Question

differential equation

Answer 1

@KendrickLamar2014

Answer 2

@ganeshie8

Answer 3

@confluxepic @Preetha

Answer 4

maybe start by solving the characteristic equation

\[r^2-\sqrt{5}=0\]

Answer 5

how

Answer 6

i am not getting it

Answer 7

what exactly are you not getting ?

Answer 8

how to substitute r^{2}

Answer 9

are you asking how i got that equation ?

Answer 10

yes

Answer 11

that is because of euler

Answer 12

let \(y = e^{rt}\) be a solution of the given differential equation

Answer 13

\(y = e^{rt}\)

\(y'' = ?\)

Answer 14

\[e ^{rtn}\]

Answer 15

Careful,

\(y' = \dfrac{dy}{dx}\)

\(y'' = \dfrac{d^2y}{dx^2}\)

Answer 16

\(y'\) is the first derivative of \(y\)

\(y''\) is the second derivative of \(y\)

Answer 17

ok

Answer 18

As I see it, you have two choices: Actually solve the D. E. (as you're trying to now), or check out each of the four given answers to determine which satisfies the given D. E.

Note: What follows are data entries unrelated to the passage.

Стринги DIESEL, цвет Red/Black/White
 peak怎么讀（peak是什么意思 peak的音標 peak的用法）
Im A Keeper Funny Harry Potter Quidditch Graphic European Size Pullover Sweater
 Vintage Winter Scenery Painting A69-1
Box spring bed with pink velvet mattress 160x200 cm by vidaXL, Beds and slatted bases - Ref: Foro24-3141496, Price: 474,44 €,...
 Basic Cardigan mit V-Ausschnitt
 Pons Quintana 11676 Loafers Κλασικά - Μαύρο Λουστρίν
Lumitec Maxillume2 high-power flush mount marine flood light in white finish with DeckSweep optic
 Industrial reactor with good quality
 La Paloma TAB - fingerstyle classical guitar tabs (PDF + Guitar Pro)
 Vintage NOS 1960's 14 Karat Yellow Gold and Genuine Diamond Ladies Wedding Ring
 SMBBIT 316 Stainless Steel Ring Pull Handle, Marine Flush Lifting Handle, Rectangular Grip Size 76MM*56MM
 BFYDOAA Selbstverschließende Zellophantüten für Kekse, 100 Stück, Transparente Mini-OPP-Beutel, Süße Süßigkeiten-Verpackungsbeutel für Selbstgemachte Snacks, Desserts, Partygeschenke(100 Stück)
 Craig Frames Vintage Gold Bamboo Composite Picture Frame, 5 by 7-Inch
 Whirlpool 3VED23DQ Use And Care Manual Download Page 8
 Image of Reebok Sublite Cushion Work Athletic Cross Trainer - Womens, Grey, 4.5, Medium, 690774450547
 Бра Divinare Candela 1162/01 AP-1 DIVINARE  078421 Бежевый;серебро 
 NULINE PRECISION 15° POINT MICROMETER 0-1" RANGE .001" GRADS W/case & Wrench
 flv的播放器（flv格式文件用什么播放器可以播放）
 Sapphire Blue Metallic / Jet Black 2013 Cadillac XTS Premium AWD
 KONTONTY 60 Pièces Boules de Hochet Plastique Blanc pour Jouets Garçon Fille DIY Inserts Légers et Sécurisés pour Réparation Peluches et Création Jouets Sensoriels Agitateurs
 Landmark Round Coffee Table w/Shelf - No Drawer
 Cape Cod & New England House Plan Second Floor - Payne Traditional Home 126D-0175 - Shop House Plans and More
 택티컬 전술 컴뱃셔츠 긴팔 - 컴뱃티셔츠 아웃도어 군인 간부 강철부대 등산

The D. E. is \[y''-\sqrt{5}y=0\]

So, supposing we were checking out possible solution #1:
1) Find the 2nd derivative, y'', of that possible solution.
2. Substitute your result for y'' in the D. E.
3. subst. y=possible solution #1 into the D. E.
4. Determine whether or not the D. E. is true after these substitutions have been made.